Thread: AW: AW: "setuid" functions, a solution to the RI privil ege problem

AW: AW: "setuid" functions, a solution to the RI privil ege problem

From
Zeugswetter Andreas SB
Date:
> But the pg_shadow authentication is based on credentials 
> provided by the
> client whereas what you propose here would run on the server, so this
> doesn't make sense. 

Since you can write extensions to PostgreSQL that reach far into the OS,
it does make sense to execute those extensions under a "non priviledged"
user, and not postgres.
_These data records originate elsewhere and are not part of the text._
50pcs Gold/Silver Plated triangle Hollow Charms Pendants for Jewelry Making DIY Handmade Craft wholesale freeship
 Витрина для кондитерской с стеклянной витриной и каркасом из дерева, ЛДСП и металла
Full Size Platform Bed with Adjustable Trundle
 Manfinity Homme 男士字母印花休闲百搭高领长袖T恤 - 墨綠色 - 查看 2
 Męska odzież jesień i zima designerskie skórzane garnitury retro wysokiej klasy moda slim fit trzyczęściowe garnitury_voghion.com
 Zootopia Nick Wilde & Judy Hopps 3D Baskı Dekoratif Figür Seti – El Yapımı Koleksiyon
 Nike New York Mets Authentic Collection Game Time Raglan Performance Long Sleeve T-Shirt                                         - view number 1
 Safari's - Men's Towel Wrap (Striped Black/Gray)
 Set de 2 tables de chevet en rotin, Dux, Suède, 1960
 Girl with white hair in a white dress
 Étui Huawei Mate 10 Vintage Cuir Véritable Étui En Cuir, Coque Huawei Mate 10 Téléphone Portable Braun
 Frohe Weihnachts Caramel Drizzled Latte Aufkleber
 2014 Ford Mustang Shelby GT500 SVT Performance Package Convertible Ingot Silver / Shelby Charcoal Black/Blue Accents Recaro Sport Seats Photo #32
This OS user would somehow be tied to the username
that the client passes as his credentials (and that we trust to be
authenticated).

This is actually not my idea, it is implemented in Informix, DB2 and I think
Oracle.

Andreas


Re: AW: AW: "setuid" functions, a solution to the RI privil ege problem

From
Peter Eisentraut
Date:
Zeugswetter Andreas SB writes:

> Since you can write extensions to PostgreSQL that reach far into the OS,
> it does make sense to execute those extensions under a "non priviledged"
> user, and not postgres.

Agreed.

> This OS user would somehow be tied to the username that the client
> passes as his credentials (and that we trust to be authenticated).

Not agreed. It's a feature, not an accident, that client user names,
server OS user names, and database user names are independent. The mapping
of database user names to server OS user names needs to have a separate
mapping and authentication system, which could probably be similar to the
existing client authentication, but still separate.